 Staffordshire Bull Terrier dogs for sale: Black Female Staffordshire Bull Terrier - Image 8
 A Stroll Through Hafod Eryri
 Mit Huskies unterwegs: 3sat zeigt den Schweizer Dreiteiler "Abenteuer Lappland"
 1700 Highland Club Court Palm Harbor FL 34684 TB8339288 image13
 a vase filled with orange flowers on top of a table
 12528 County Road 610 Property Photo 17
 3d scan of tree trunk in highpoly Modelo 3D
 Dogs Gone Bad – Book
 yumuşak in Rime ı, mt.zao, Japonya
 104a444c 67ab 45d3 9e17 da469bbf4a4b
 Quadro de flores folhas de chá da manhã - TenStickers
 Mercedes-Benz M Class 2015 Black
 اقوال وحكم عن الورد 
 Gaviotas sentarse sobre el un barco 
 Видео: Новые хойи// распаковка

# # # #

(INSTRUCTIONS FOR THE TASK) Each line above with the string "Black" in it should be located and copied.

(ANSWER FOR THE TASK)
 Staffordshire Bull Terrier dogs for sale: Black Female Staffordshire Bull Terrier - Image 8
 Mercedes-Benz M Class 2015 Black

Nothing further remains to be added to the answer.